Gordon Riese is a former college baseball pitcher in the 1960s who was inducted into the Portland State University Hall of Fame in 1997. He has spent the last 28 years as a Pac-10 Conference football official. He was the line judge during the 1982 Stanford-California game when "The Play" helped California win, 25-20. Many Stanford fans argue to this day that a forward lateral was made, and that a Cal player’s knee was down before his lateral, either of which by itself would have resulted in Stanford winning the game.

Riese later worked as a referee in the Pac-10 and was the head of the officiating crew that worked the first Bowl Championship Series championship game, the Fiesta Bowl between Florida State and Tennessee on January 4, 1999. His final game on the field came on January 1, 2005 at the Fiesta Bowl between Pitt and Utah.

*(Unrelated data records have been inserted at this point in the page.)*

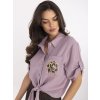 Světle fialová dámská mušelínová krátká košile s vázáním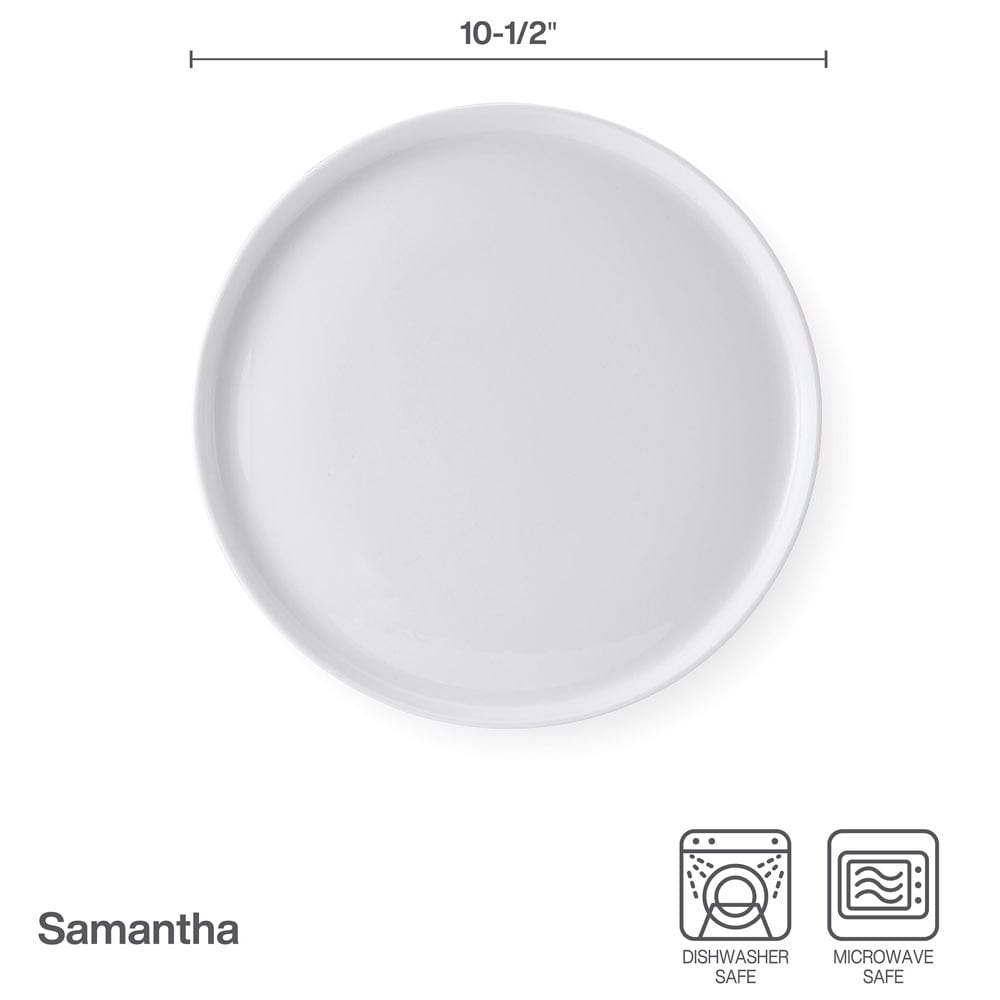 Samantha 4-Piece Dinner Plate Set - Elegant Porcelain Plates for Fine Dining, Everyday Meals & Entertaining - Perfect for Restaurants, Home Kitchens & Special Occasions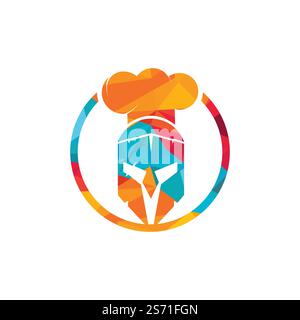 Designvorlage für das Vektorlogo des Spartanischen Küchenchefs. Minimales Logo des Chefkämpfers mit Darstellung des Chefhut-Vektors. Stock Vektor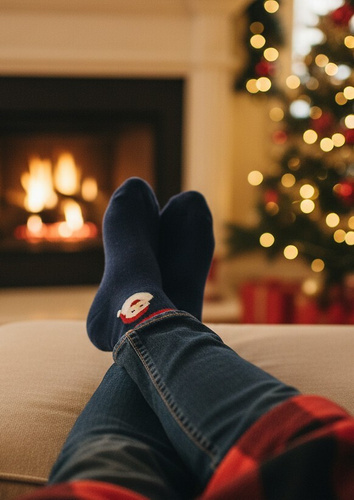 U04.N56 Skarpety Świąteczne Gatta – bawełniane skarpety unisex z motywem świątecznym, wzór 999 navy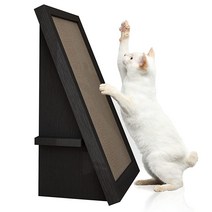 Way Basics Eco Friendly Cat Scratcher 경사형 고양이 유기농 개박하 포함 스크래치 패드도구가 필요 없는 조립식 및 지속 가능한 무독성 zBoard 판지, Black Wood Grain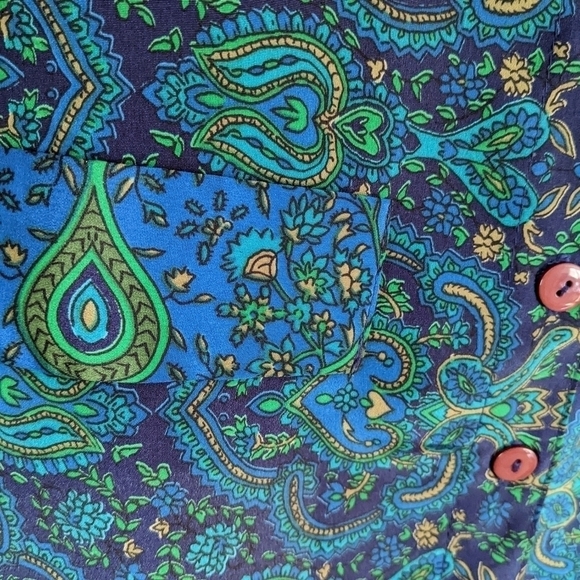 VINTAGE Cami petites mulberry lime and turquoise shoulder pad blouse @i - Picture 3 of 10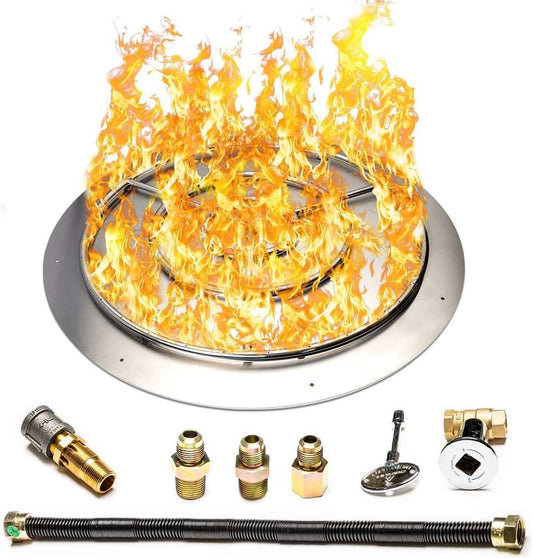 Fire Pit Burner Pan & Ring - Works with Liquid Propane - Stainless Steel Fire Pit Burner Kit 36-Inch Pan, 30-Inch Ring - 250,000 BTU Max-VerdiqueGarden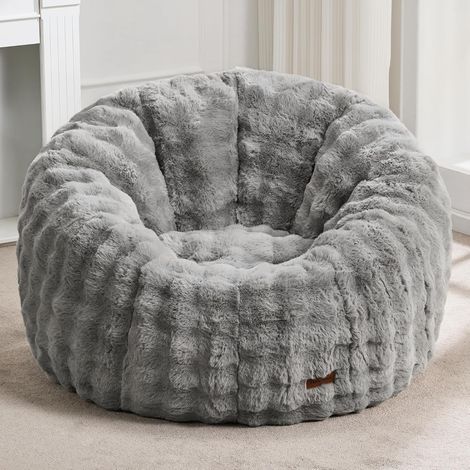 Pouf poire surdimensionné en forme de beignet avec design spacieux pour adultes, pour salon, chambre à coucher ou coin lecture (gris bulle) (1/5)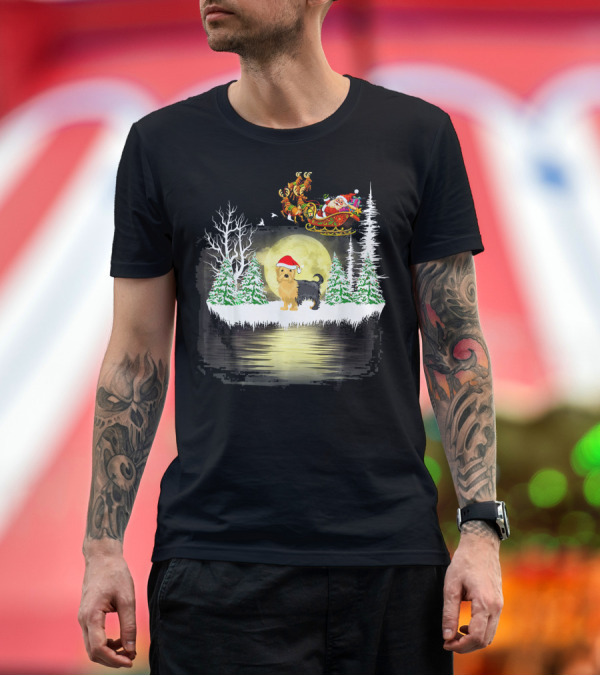 Premium T-Shirt: Yorkie Dog with Christmas Santa Sleigh and Snowy Trees T-Shirt Yorkie Dog with Christmas Santa Sleigh and Snowy Trees T-Shirt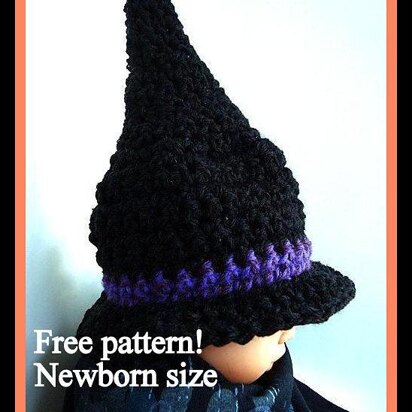 Witch or Wizard Hat - NEWBORN only Crochet Pattern by SweetPotatoPatterns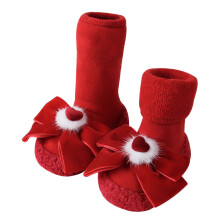(L 13cm for 12‑18 Months) Rote Baby-Fußsocken-Rutschfest-0-6M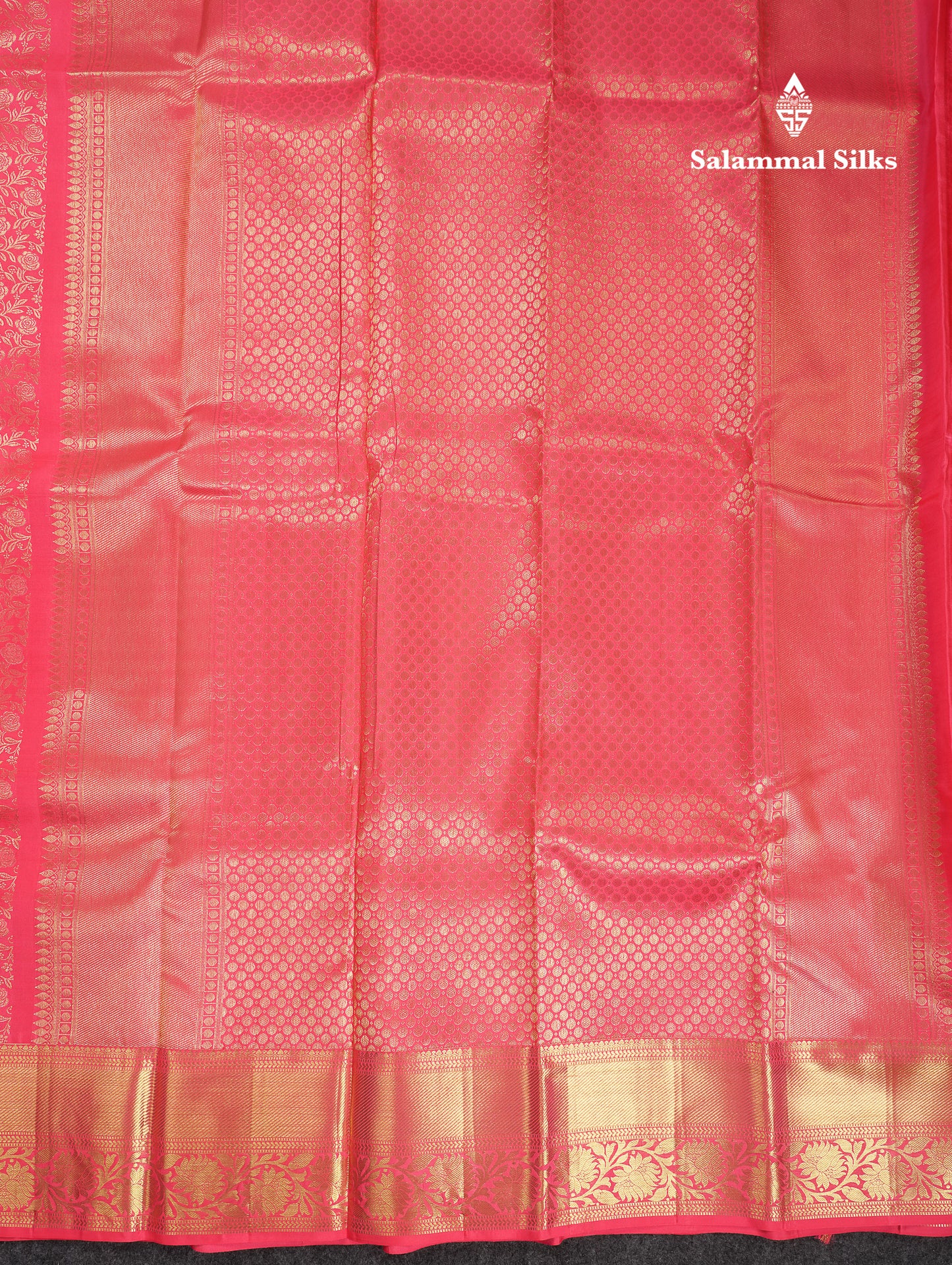 Beautiful Pinkish Peach Bridal Pure Kanjivaram Silk Saree With Traditional Border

On September 16, 2006 Riese served as the instant replay official of the University of Oklahoma-University of Oregon football game in Eugene, Oregon. During the final minutes of the game two plays were sent to his booth. The first was an onside kick by Oregon, which was ruled on the field to be a recovery by Oregon. The play went to the booth for review for the purpose of evaluating whether Oregon had illegally touched the ball before it had traveled 10 yards. Those watching the game at home were given multiple angles of the play, and many agreed with the broadcast commentators that Oregon had done so, which would give possession to the University of Oklahoma.

Riese was unable to determine if Oregon had touched the ball prematurely from the end zone replay angle he was shown, but he saw that Allen Patrick of Oklahoma had actually recovered the ball. Since the actual recovery was not the purpose of the review, Mr. Riese was limited to providing information within the original scope of the review, even though the referee asked him which team had recovered the ball. This ended up being a game-changing call: after Oregon was awarded the ball, it went on to score a touchdown, winning the game by a score of 34-33. Had Oklahoma been awarded possession of the onside kick, it likely would have run out the clock for a victory.

Following this incident, Riese was suspended, along with the rest of the officiating crew, for one game. After the incident, he requested and was granted a leave of absence for the remainder of the season. He was later quoted as saying, "I feel so bad I missed that call, it's driving me crazy," and that he was "struggling" with his mistake. Riese claimed to have received death threats, and during an interview on September 18, 2006, he remarked that, "I can't sleep, I can't eat, my blood pressure is skyrocketing."

Riese was considering retirement following the end of the season as recommended by his doctors. In February 2007 the Pac-10 Conference demoted Riese from replay official to technical assistant.